Looking at the second quarter, we anticipate revenues of $28.5 million versus sequentially flat previously, sales and marketing expense of $10.5 million, and adjusted EBITDA also of $10.5 million or a 37% margin. We would expect deferred revenue to be roughly flat in Q2 and Q3, which is the historical seasonal norm, and then to increase again in Q4 heading into 2011.
So in summary to close, market activity is strengthening and we continue to execute against our growth opportunities. The reward of running a business with both financial discipline and clear goals is delivering strong results for our shareholders. Strong profitability and cash generation are distinctive attributes of our Company and we'll continue to work to maximize the impact of the better recruitment market for the long term.
And so with that, I'll turn it back to Scot.
Scot Melland - President, CEO and Chairman
Thank you, Mike. Let me conclude today just with a few thoughts. Q1 was definitely a strong start for us this year. Recruitment activity in our sectors was better than expected and our business responded well to the better market conditions. Let me again note though that recruitment activity overall is still well below normal levels, but with the growth in temporary staffing and recent employment gains in the US, the labor markets are on their way to recovery. As a result, we expect the recruitment market to steadily improve in the coming quarters, and given our investment in marketing and product development, we also expect our business to perform well.
I'd like to thank all of our employees for their continued focus and hard work.

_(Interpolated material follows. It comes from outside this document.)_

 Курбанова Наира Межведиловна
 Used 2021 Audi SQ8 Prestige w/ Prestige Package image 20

Thank you, all, for listening and let's open up the call for questions.
Operator
(Operator Instructions). And your first question comes from the line of John Janedis from Wells Fargo. Please proceed.
John Janedis - Analyst
Hi, good morning and thank you. You guys seem to be one of the few players that aren't discounting openly on your own website and as you think about this recovery, is it your sense that competitive pricing environment is lessening and at what point, would you expect to be able to actually raise prices again?
Scot Melland - President, CEO and Chairman
Well, our price philosophy along the way has always been to try to maintain our pricing even when the market got a little bit more promotional, and I think we've done a pretty good job doing that. What we're seeing today is that pricing is basically the same today as it was, say, three and six months ago. We really haven't seen any change in the promotional environment. I do think that as the market tightens up, as things get better, there may be some opportunity for pricing but -- and we always, we experiment with pricing all the time, but it's certainly not part of our expectations right now, in our forecast right now.
John Janedis - Analyst
Okay, thanks. So in terms of the '10 budget, you were saying it's all volume driven and maybe some upsell?

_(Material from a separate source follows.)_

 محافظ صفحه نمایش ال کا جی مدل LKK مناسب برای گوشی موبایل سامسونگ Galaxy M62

Scot Melland - President, CEO and Chairman
That's correct.
John Janedis - Analyst
Okay, thanks.
Scot Melland - President, CEO and Chairman
Sorry, volume and service levels.
John Janedis - Analyst
Sorry, okay, okay. And then Mike, just in terms of the deferred revenue, does that imply that you expect to end the year similar in like the low $40 million range?
Mike Durney - SVP, Finance and CFO
Yes. I wouldn't be specific to the number because it's in part driven by timing, but you can expect it would be higher than it is today, and I think low 40s is probably reasonable.
John Janedis - Analyst
Okay. Thank you.
Operator
And your next question comes from the line of Youssef Squali from Jefferies & Co. Please proceed.
Youssef Squali - Analyst
Thank you very much. Two quick questions. Going back to the deferred revenue question, Mike, could you just explain a little bit or elaborate as to why it should be roughly flat in Q2, Q3 and only jump back in Q4? And then on the EFC side, could you share some information with us about maybe customer count at the end of the quarter and maybe what's happening to pricing at EFC, particularly in the UK? Thanks.
Mike Durney - SVP, Finance and CFO
Sure. So the reason historically, it's been relatively flat in Q2 and Q3 is because those quarters tend to have a lower number of annual contracts up for renewal and in Q2 specifically, we tend not to sell nearly as many annual agreements in that quarter as we do in other quarters, including Q3 is slightly higher historically than Q2.
So if you have some renewal rate for the annual contracts with [a lot of renewal] and not a lot of new business in annual contracts, you get a relatively flat deferred revenue in Q2 and then into Q3. Q4 has a fair number of renewals. It's the highest quarter of renewals, so we book a lot of business as we did in Q4 of '09 and then first quarter, we have a fair amount of new business which generates deferred revenue.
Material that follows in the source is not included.